Одним словом, тезис об обновлении продукции помогает объяснить возникновение промышленных организационных концептов, но не то, как и при каких обстоятельствах осуществляется их утверждение и институционализация.
Миметический и нормативный изоморфизм
Обратимся теперь к некоторым последним работам, посвященным организации производства, особенно к тем, которые связаны с "институционалистскими" методами [9, 10, 24, 36]. Авторы ставят вопрос, от чего зависит осуществление определенного организационного концепта, централизация фирм, введение формализированных или неформальных контрольных систем и т. д. "Рыночным успехом" это может быть объяснено лишь в некоторых случаях, поскольку в сложной и изменчивой рыночной среде экономические предприятия чаще всего оказываются просто не в состоянии ex ante определить эффективность организационных концептов. Критерий "рыночного успеха" не подходит, разумеется, для организаций, которые не заняты производством для рынка, например школ или университетов.
Для решения этой проблемы обратимся к предложенному Мейером, Рованом и др. понятию "изоморфия" (Isomorphie). При отсутствии собственных эффективных решений происходит ориентация на то, что считают эффективным другие социальные акторы, то есть на образцы и примеры социальной среды. Как подчеркивают Мейер и Рован, изоморфия также является рациональной стратегией: путем конформного поведения по отношению к нормативным организациям можно завоевать доверие важных внешних акторов (например, акционеров или государственных заказчиков) и тем самым обеспечить себе доступ к ресурсам. Таким образом, стратегии, базирующиеся на изоморфии, могут задним числом, совершенно независимо от их изначальной эффективности, оказаться успешными. Изоморфизм функционирует по принципу "самоосуществляющегося пророчества".

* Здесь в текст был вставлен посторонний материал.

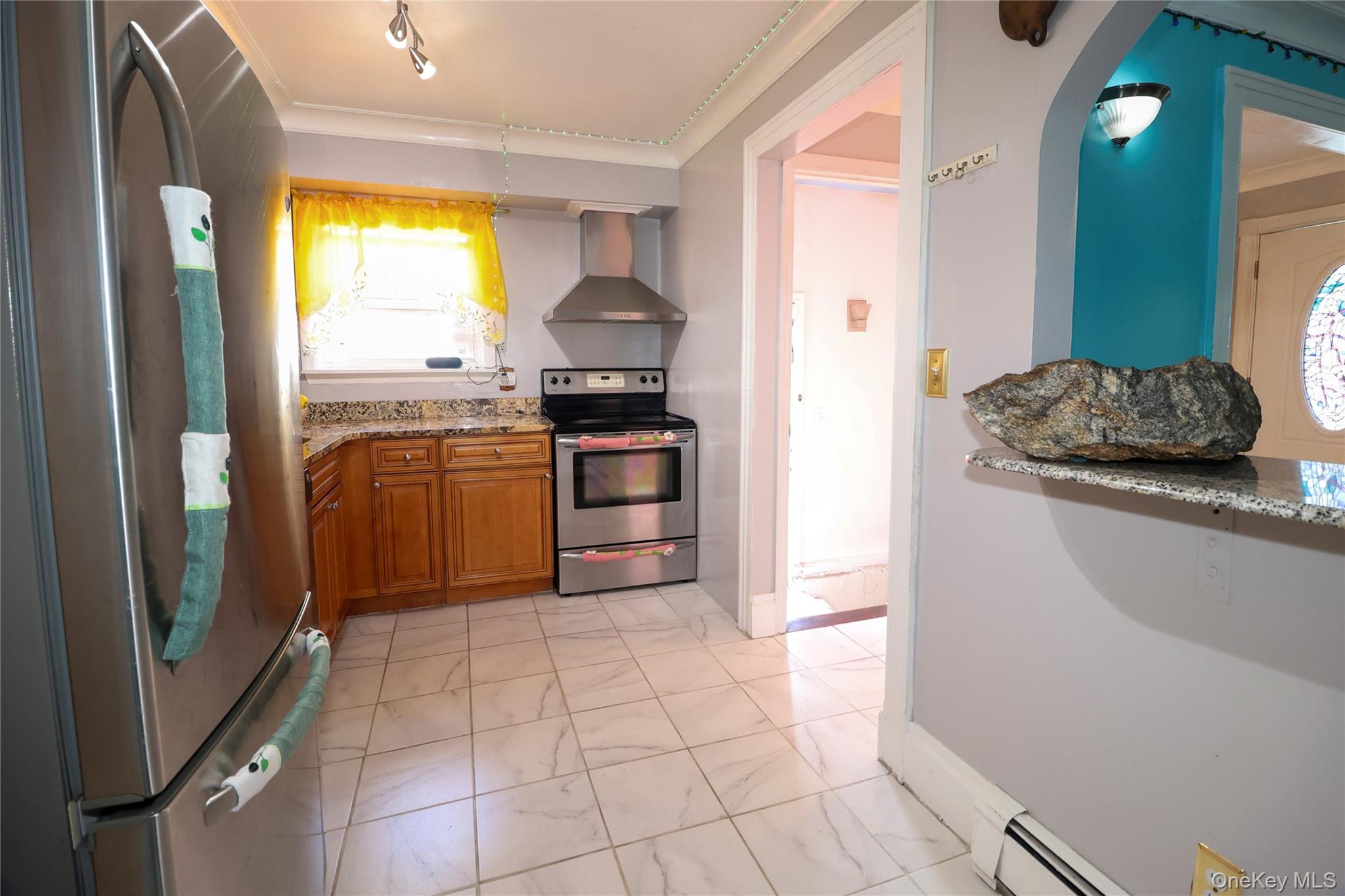 23 Peters Boulevard Property Photo 7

Димаджио и Пауэлл различают три формы, в которых изоморфия организаций с социальной средой достигает успеха: это подражательный изоморфизм (mimetic isomorphism), нормативный изоморфизм (normative isomorphism) и принудительный изоморфизм (coercive isomorphism). Для распространения рационализаторского знания важными являются первая и вторая формы, а именно изоморфия на основе подражания и давления норм. При отсутствии четкого представления о правильной стратегии предприятия перенимают рецепты конкурентов; это подражание может быть намеренным или ненамеренным. В качестве примера такого миметического изоморфизма Димаджио и Пауэлл приводят систематическое заимствование японской экономикой западных концептов в первой половине ХХ в. и стремление "учиться у Японии" на американских предприятиях с 70-х годов. Нормативный изоморфизм возникает тогда, когда определенный концепт получает статус профессионального знания, когда об этом авторитетно заявляют эксперты и когда он становится предметом изучения в учебных заведениях. Здесь также нет недостатка в примерах — стоит только упомянуть, Федеральное ведомство по рационализации труда, институт промышленных норм, бизнес школы и консалтинговое предпринимательство, которые планомерно вырабатывают знания по менеджменту и прививают его все новым и новым поколениям руководителей. Рост нормативного изоморфизма приводит, наконец, к третьей форме — принудительному изоморфизму, то есть требованиям, осуществляемым государством на основании законов или административных правил.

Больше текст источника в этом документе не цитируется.